On intraoral examination-

  • Loss of occlusion
  • Anterior open bite
  • Grade II Mobile tooth 43
  • Difficulty in mastication
  • Reduced mouth opening
  • Pain while moving the jaws along with Clicking sound.

Above stated observations and examinations led us to a faint view of fracture along maxilla on right side and condylar fracture on right side.

So for a confirmatory diagnosis patient was advised for OPG and CBCT.

RADIOGRAPHIC IMPRESSION
  • Condylar fracture on right side
  • Subcondylar fracture right side
  • Ellis class IV Fracture irt 43
  • Zygoma fracture on right side.
CBCT IMPRESSION
  • Condylar fracture on right side
  • Subcondylar fracture on left side
  • Zygomatic arch fracture on right side
  • Maxillary sinus wall fracture on right side
  • Ellis class IV Fracture irt 43
  • Alveolar fracture in between teeth 34-35.

Above radiographic reports called for the managed of the case by An Oral Maxillofacial Surgeon Dr. Hardik Rupareliya.

 
 
 

An OPD check-up was carried out and conclusion by Dr. Hardik Rupareliya was to do the reduction and IMF of fractured site. After 12 days of accident patient turn up on 13th day for surgical management. Pre-Op blood and urine examination, Physician fitness check-up was obtained and patient was instructed to get hospitalised and NBM by 6hours before surgery. Pre-Op antibiotics administration was also done for better results.

Patient was taken to OT under the presence of Anaesthetic doctor and GA was administered.

Aseptic conditions were achieved and arch bar fixation was done and condylar reduction was done.

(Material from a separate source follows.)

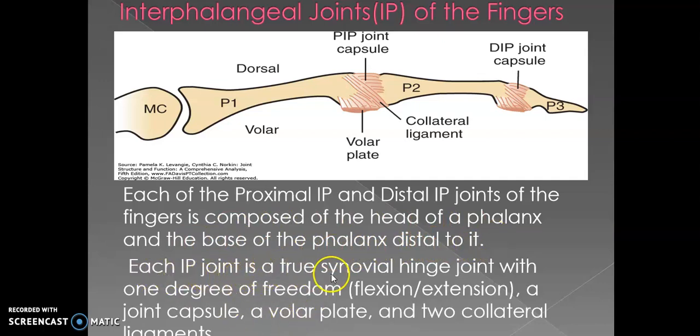Each interphalangeal joint is a true synovial hinge joint with one degree of freedom. A hinge joint — like a door hinge — has only one axis and one plane of motion. The plane of motion available here is flexion and extension of the IP joints. The joint capsule is present with a volar plate and two collateral ligaments. It is a true synovial hinge joint with one degree of freedom: flexion and extension.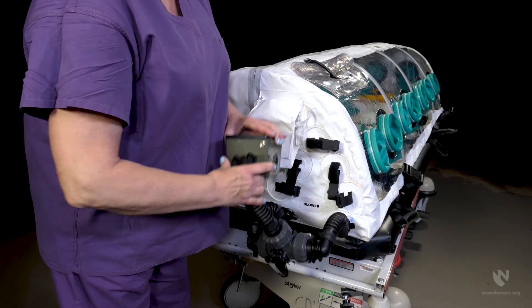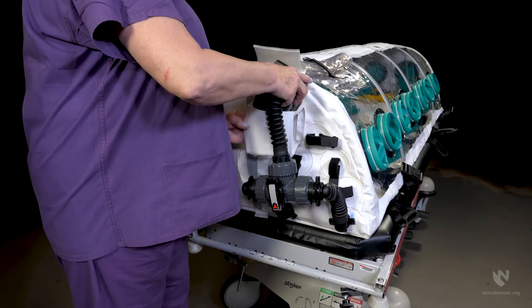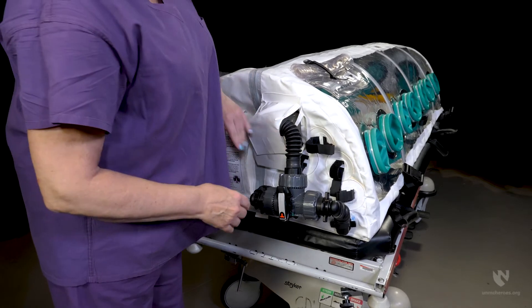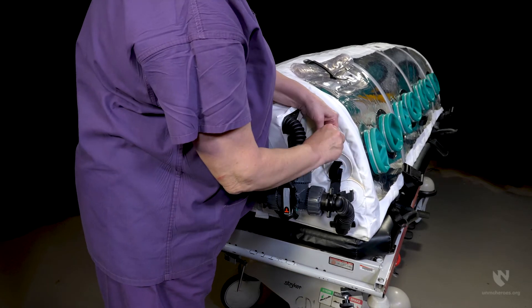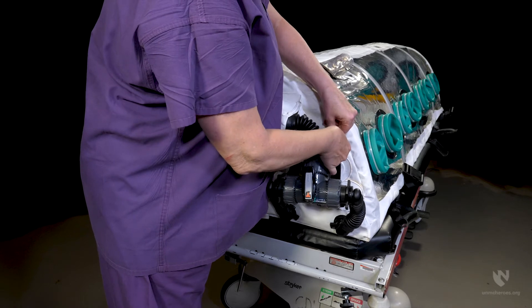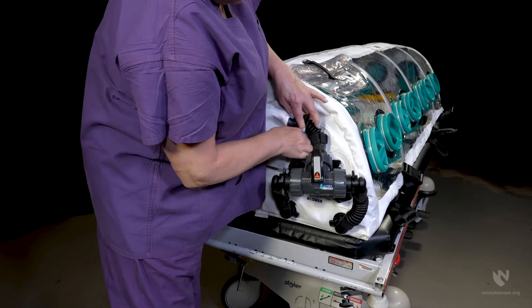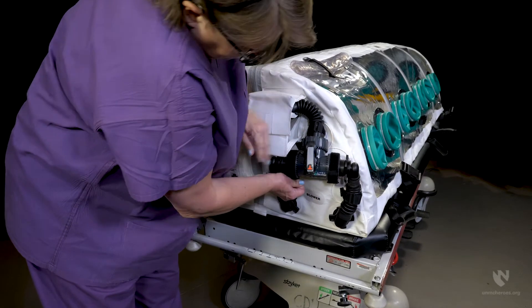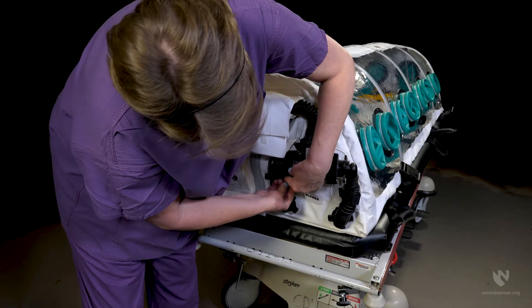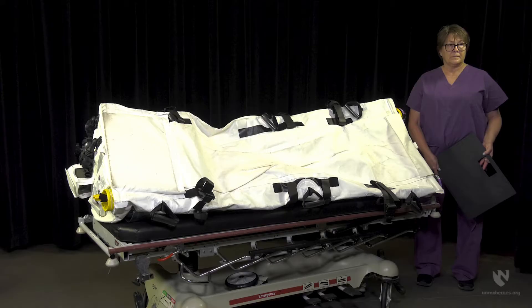Place the blower motor into the pouch with the male exhaust port facing down. Secure hoses to the enclosure with the hook and loop straps.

For the management of zygomatic fracture an intraoral vestibular incision was taken and with the help of cautery access was achieved to the right zygoma, on the 13th day post trauma we could see callus formation at the site so proper reduction was achieved after removal of callus part followed by reduction of the site after proper irrigation for 5 minutes with betadienesaline solution and incision was closed by 4-0 vicryl suture. Sooner after the surgery, Patient was conscious and shifted to ward uneventfully.

Post operative antibiotics and analgesics along with liquid diet were initiated. For maintenance of oral hygiene, 2% CHLORHEXIDINE MOUTHWASH was advised to the patient.

Next day before discharge , elastics were placed for immobilization of the jaw and slight bite correction was also done. Post discharge antibiotics and analgesics were given for 3 days and patient was advised for regular follow ups.

After 45 days elastics and IMF were removed and patient was advised for remaining dental treatment.